Department of Biomedical Science, School of Medicine, University of Missouri Kansas City, 2411 Holmes Street, Kansas City, MO 64108, U.S.A.
Department of Microbiology, School of Medicine, Nanchang University, NO 461 Bayi Road, Donghu District, Nanchang 330006, China.
Biochem J. 2020 Oct 30;477(20):3923-3934. doi: 10.1042/BCJ20200351.
Pyroptosis is a recently discovered inflammatory form of programmed cell death which is mostly triggered by infection with intracellular pathogens and critically contributes to inflammation. Mitigating pyroptosis may be a potential therapeutic target in inflammatory diseases. However, small chemicals to reduce pyroptosis is still elusive. In the present study, we screened 155 chemicals from a microbial natural product library and found Geldanamycin, an HSP90 inhibitor, profoundly rescued THP-1 cells from pyroptosis induced by LPS plus Nigericin treatment. Consistently, other HSP90 inhibitors, including Radicicol, 17-DMAG and 17-AAG, all ameliorated pyroptosis in THP-1 cells by suppressing the inflammasome/Caspase-1/GSDMD signal pathway in pyroptosis. HSP90 inhibition compromised the protein stability of NLRP3, a critical component of the inflammasome. Moreover, up-regulated HSP70 may also contribute to this effect. HSP90 inhibition may thus be a potential therapeutic strategy in the treatment of inflammatory diseases in which pyroptosis plays a role.

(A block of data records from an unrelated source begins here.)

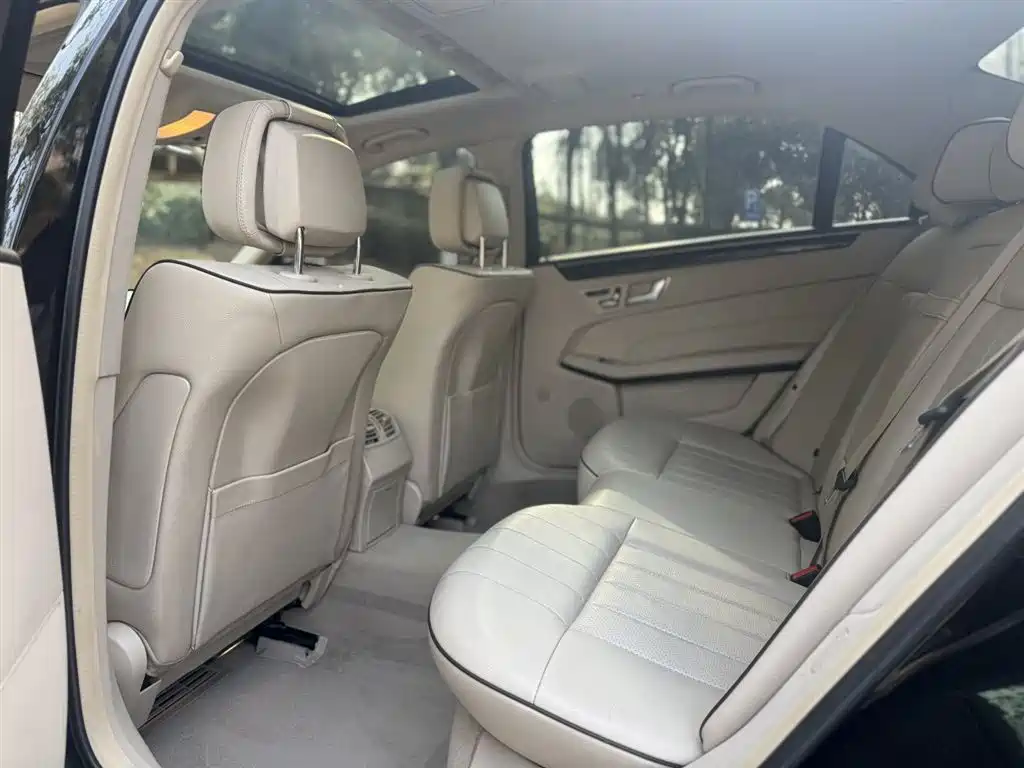 Mercedes-Benz E-Class 2015 E 260 L Sport фото 13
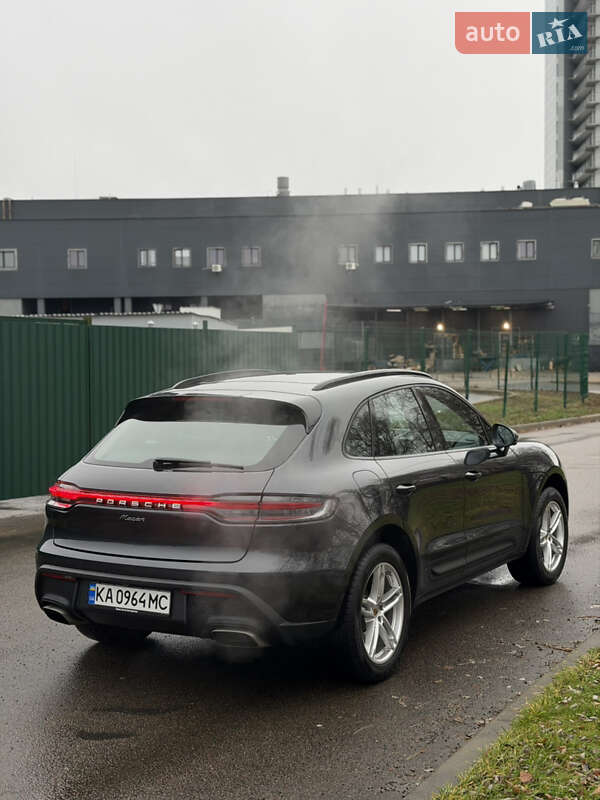Позашляховик / Кросовер Porsche Macan 2023 в Києві
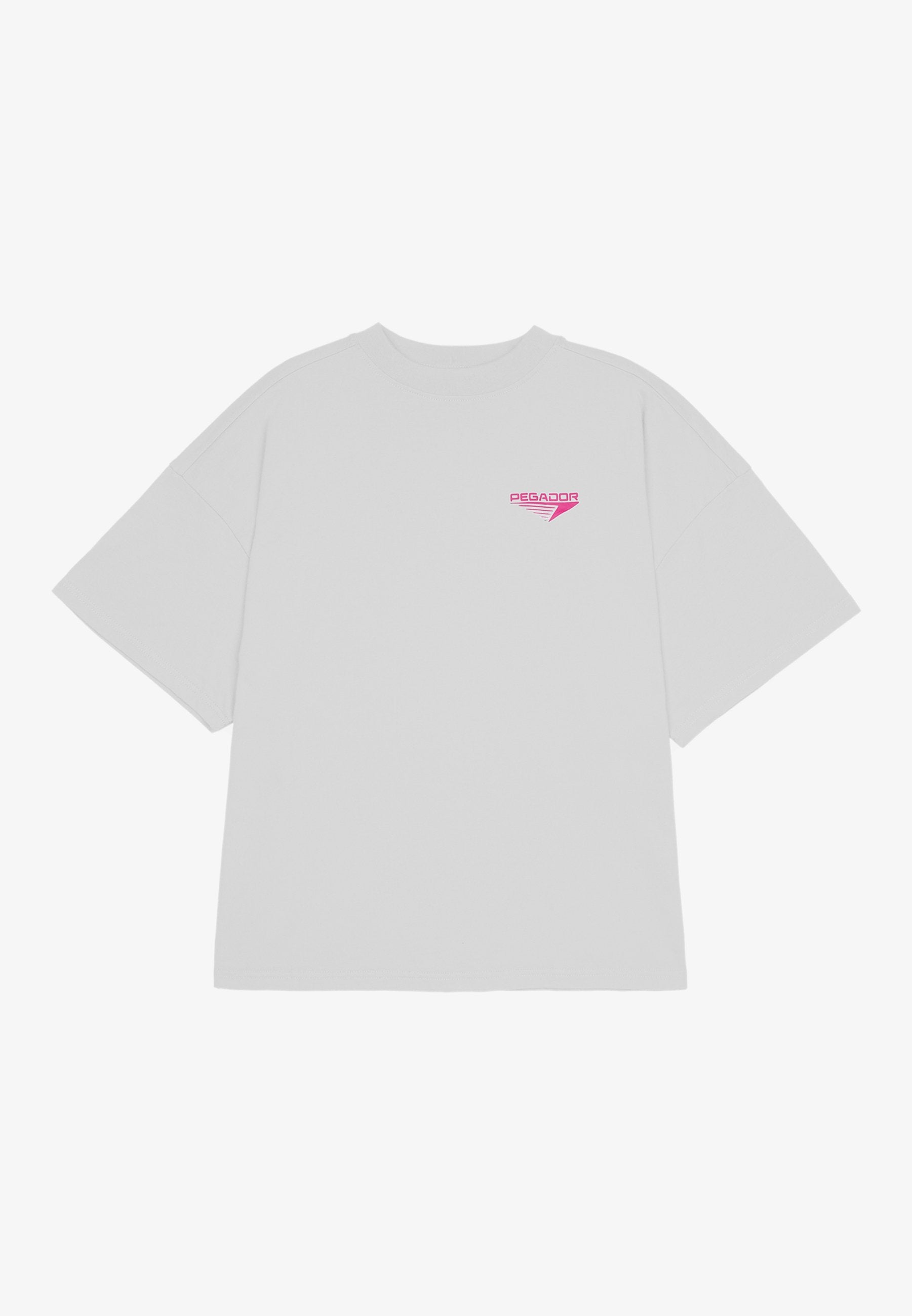 Hellgraues, übergroßes T-Shirt mit kurzen Ärmeln und Rundhalsausschnitt. Auf der linken Seite befindet sich ein kleines pinkes "PEGADOR"-Logo. Weicher Stoff.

细胞焦亡是一种新发现的细胞程序性死亡形式,主要由胞内病原体感染触发,并对炎症反应有重要贡献。抑制细胞焦亡可能是炎症性疾病的一种潜在治疗靶点。然而,能够减少细胞焦亡的小分子仍然难以捉摸。在本研究中,我们从微生物天然产物文库中筛选了 155 种化学物质,发现 HSP90 抑制剂格尔德霉素(Geldanamycin)能显著挽救 LPS 和 Nigericin 诱导的 THP-1 细胞发生的细胞焦亡。同样,其他 HSP90 抑制剂,包括 Radicicol、17-DMAG 和 17-AAG,通过抑制细胞焦亡中的炎症小体/Caspase-1/GSDMD 信号通路,均能改善 THP-1 细胞的细胞焦亡。HSP90 抑制破坏了 NLRP3 的蛋白稳定性,NLRP3 是炎症小体的关键组成部分。此外,上调的 HSP70 也可能有助于这种作用。因此,HSP90 抑制可能是治疗细胞焦亡发挥作用的炎症性疾病的一种潜在治疗策略。